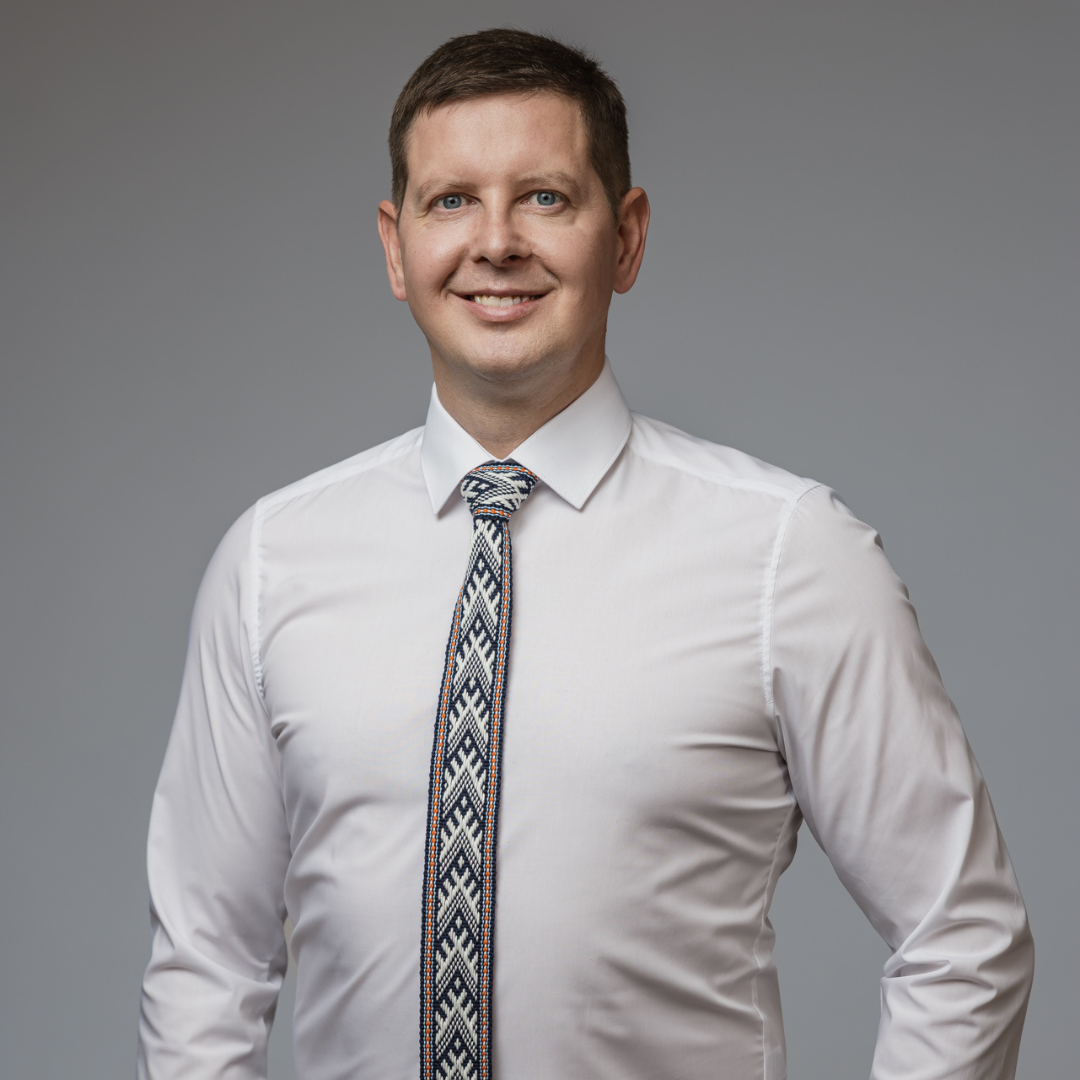 Mėlynas kaklaraištis Žirgeliai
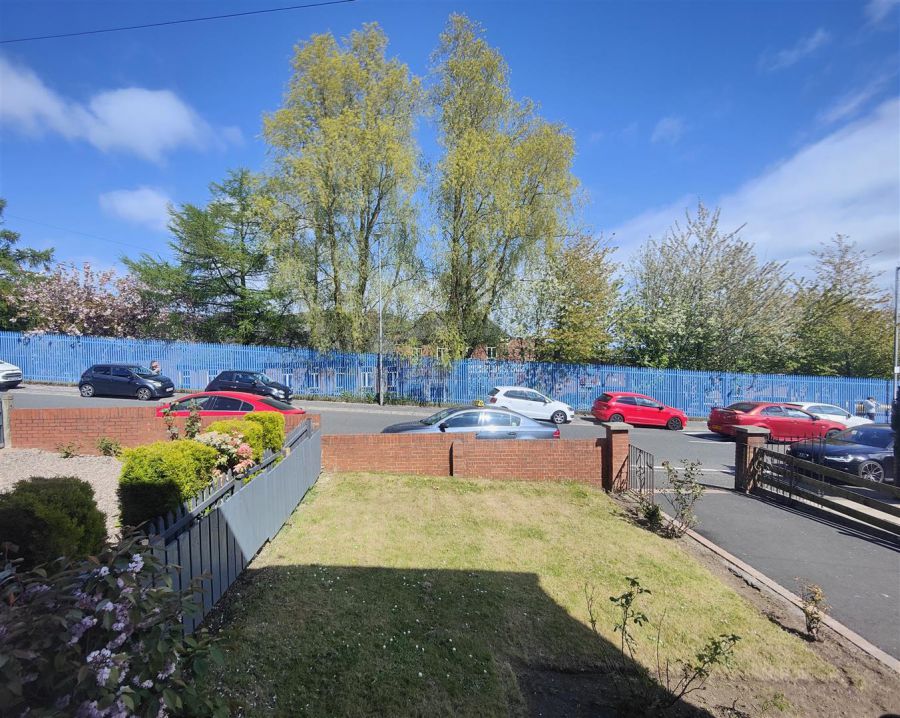 30 Bilston Road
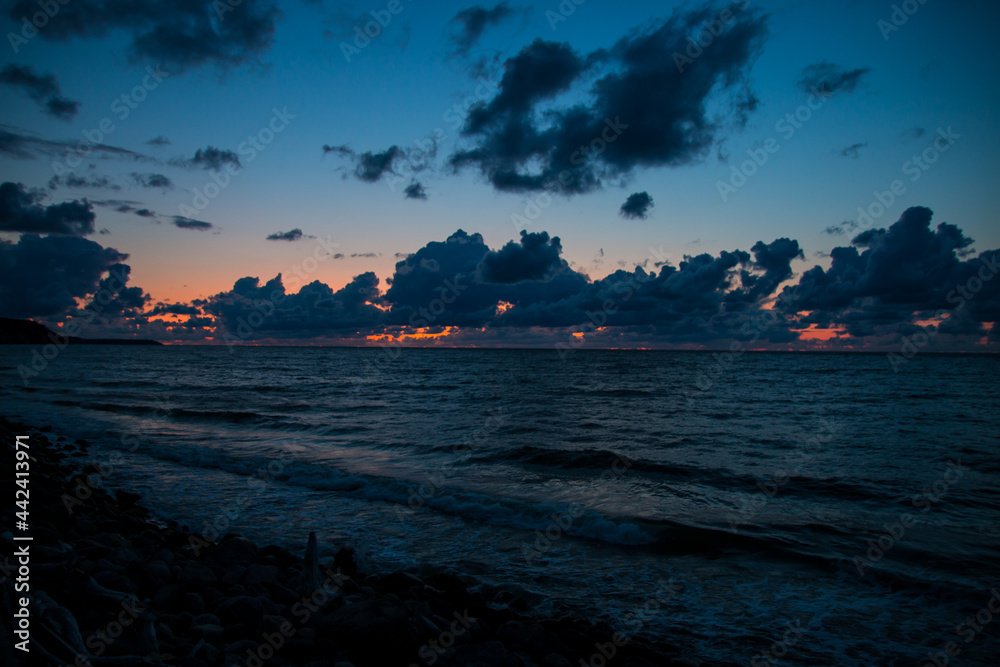 Obraz premium the sea at dusk a period with a beautiful sky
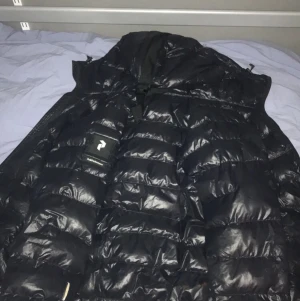 Peak performance jacka size M - Den har ett litet hål vid armen som man kan se på bilden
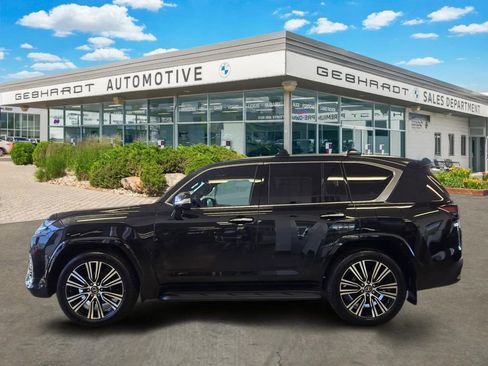 Used 2026 Lexus LX 600 4WD w/ Luxury Package image 4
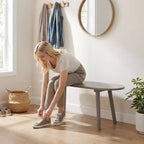 Banc de salle à manger Costway 43'' en bois massif de style ferme, lot de 2 avec pieds en bois d'hévéa pour la cuisine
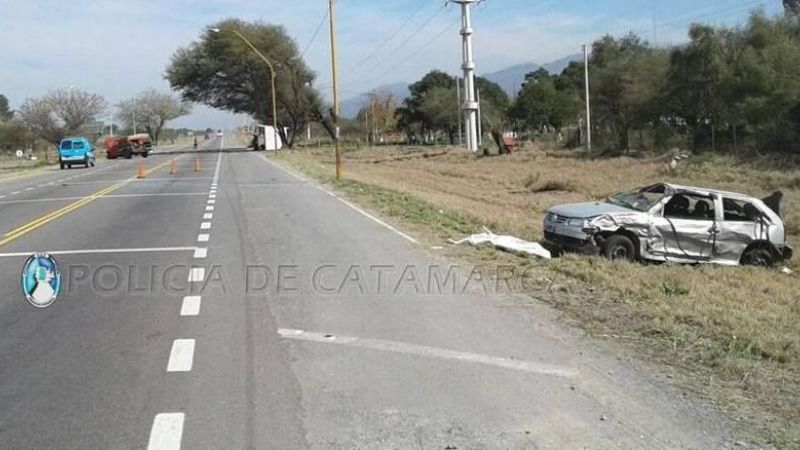 Choque y vuelco en Capayán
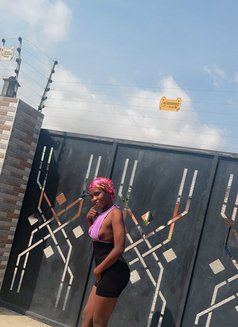 Favour - escort in Accra Photo 4 of 6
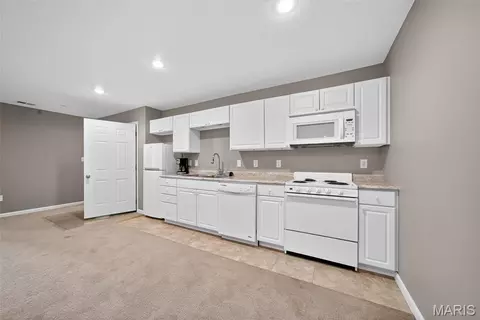 Kitchen - 27499 Franklin Rd, Wright City, MO 63390 photo 11 of 11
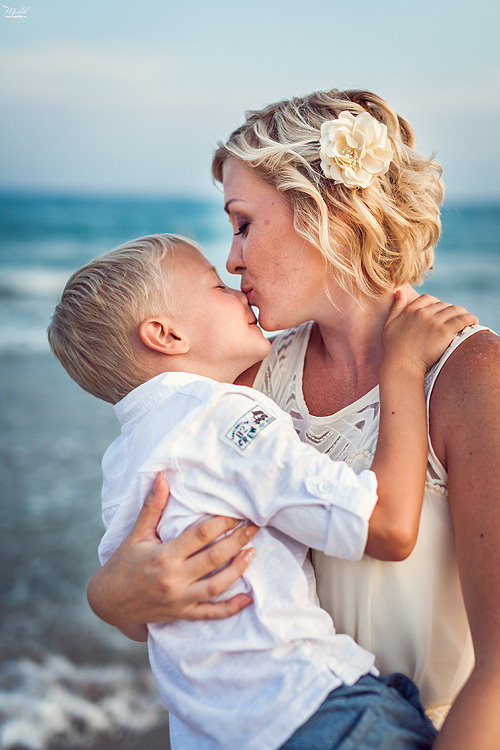 Fantástica sesión de fotos de mamá con hijo en Tarragona. Fotógrafo en Barcelona  Maslik Yulia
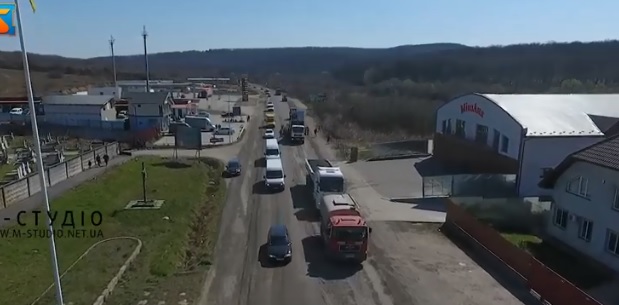 Ремонт ділянки дороги Мукачево-Сільце планують завершити за 2 тижні (ВІДЕО)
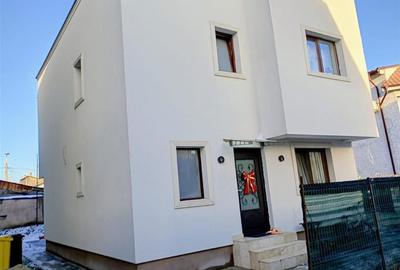 VANZARE VILA DRUMUL TABEREI - DANTELEI - MOBILATA UTILATA - 13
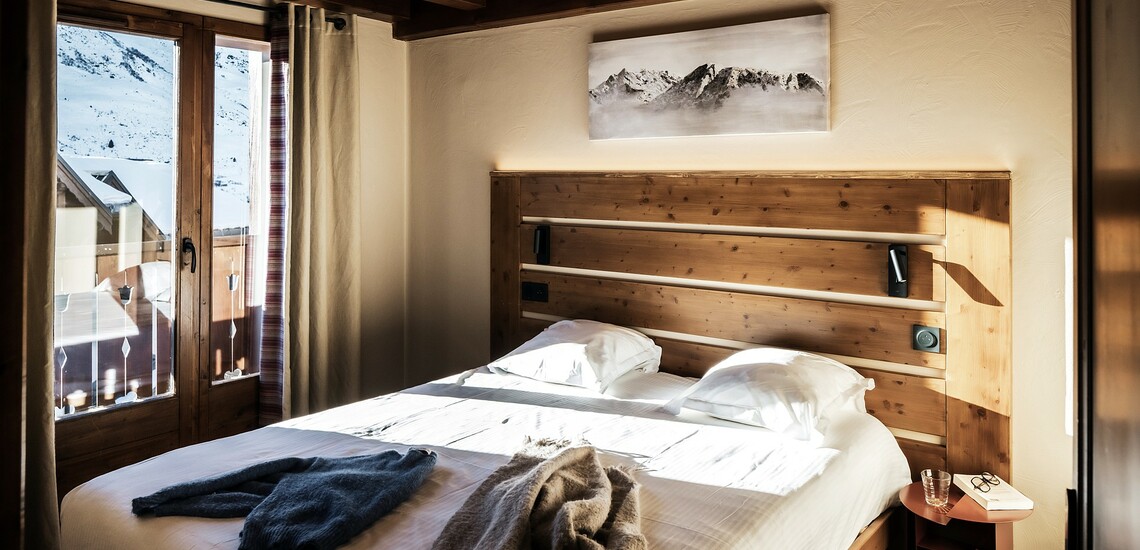 SCHLAFZIMMER ∙ Montagnettes - Le Hameau de la Sapiniere ∙ Les Menuires ∙ Ferienwohnungen ∙ Skireisen / Skiurlaub im Skigebiet Les 3 Vallees / Trois Vallees, französische Alpen, Frankreich.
---------------
▶ WORK REQUIRED
Would you set down only the lines above from the line with "Obraz premium the" to the line with "Used 2026 Lexus", both included, exactly as they stand and without the pictures?

▶ YOUR RESPONSE
 Obraz premium the sea at dusk a period with a beautiful sky
 Peak performance jacka size M - Den har ett litet hål vid armen som man kan se på bilden
 Used 2026 Lexus LX 600 4WD w/ Luxury Package image 4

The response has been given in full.